Coolify's maintainers were manually closing more than 120 low-quality, AI-generated pull requests every month. That volume is what drove peakoss to build Anti-Slop, an open-source GitHub Action that automates the triage. Coolify — a self-hostable PaaS alternative with over 50,000 GitHub stars — provided the test bed: peakoss reviewed more than 130 AI-generated PRs by hand before distilling the patterns into 31 configurable check rules. The action runs in under 15 seconds and closes flagged PRs automatically before they hit a maintainer's review queue.
The tool analyzes pull requests across multiple dimensions: branch names, titles, descriptions, PR template adherence, commit messages, file changes, user account signals, and contributor history. All behavior is controlled through 54 configuration options, though the defaults are designed to work without modification for most projects. Repository owners, members, and collaborators are automatically exempt from checks. The configurable max-failures threshold — defaulting to 4 — allows maintainers to tune sensitivity, with the idea that a single check failure should not automatically close a PR from a legitimate new contributor. The project positions itself explicitly as "anti-slop, not anti-AI," stating that high-quality AI-assisted contributions should pass through unaffected.
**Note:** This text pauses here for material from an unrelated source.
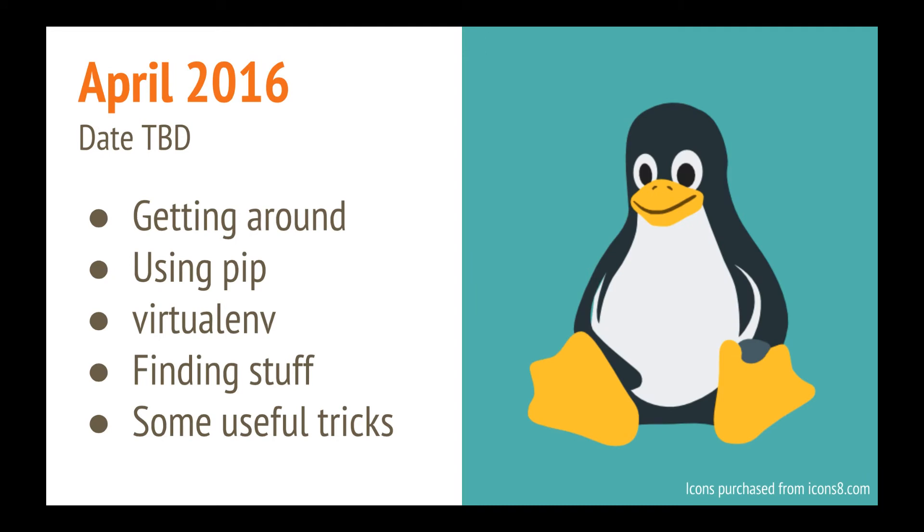In April, I want to teach an introduction to the Unix command line. So getting around, installing stuff, setting up an environment properly, and some useful tricks. This will cover any Linux operating systems. So Ubuntu, Mint, you know, whatever you use. It'll also cover Mac, since Mac is a variant. And I will go over some tricks that are only on Mac. So this will not cover Windows, however.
Several of Anti-Slop's default thresholds have drawn scrutiny for their potential to act as proxy signals against legitimate contributors rather than AI-generated ones specifically. The min-global-merge-ratio default of 30 percent — requiring that at least 30 percent of a contributor's historical PRs across GitHub have been merged — creates a structural disadvantage for early-career developers who have not yet accumulated a merge history. Combined with a minimum account age of 30 days, a minimum profile completeness score, and a cap of two emoji in PR descriptions, a new contributor with genuine code to offer but a sparse GitHub presence could accumulate enough check failures to trip the default threshold without any AI involvement. The tool's exemptions cover established project insiders but offer no special handling for first-time external contributors, the population most likely to fail multiple proxy-signal checks simultaneously.
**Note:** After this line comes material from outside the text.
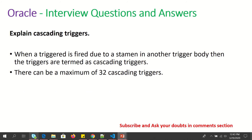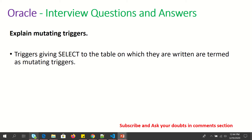Explain cascading triggers. When a trigger is fired due to a statement in another trigger body, then the triggers are termed as cascading triggers. There can be a maximum of 32 cascading triggers.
The project is pre-v1.0.0 and the author has flagged the possibility of breaking changes before a stable release, recommending that users pin to a specific version tag or commit SHA. Anti-Slop treats AI-generated output as a signal quality problem to be filtered at the infrastructure layer rather than the human review layer. That framing is sound, but it only holds if the defaults are tuned to the project's context. Deployed without adjustment or public disclosure, the default configuration raises real questions about which contributors get filtered along with the slop. The source repository is available at github.com/peakoss/anti-slop.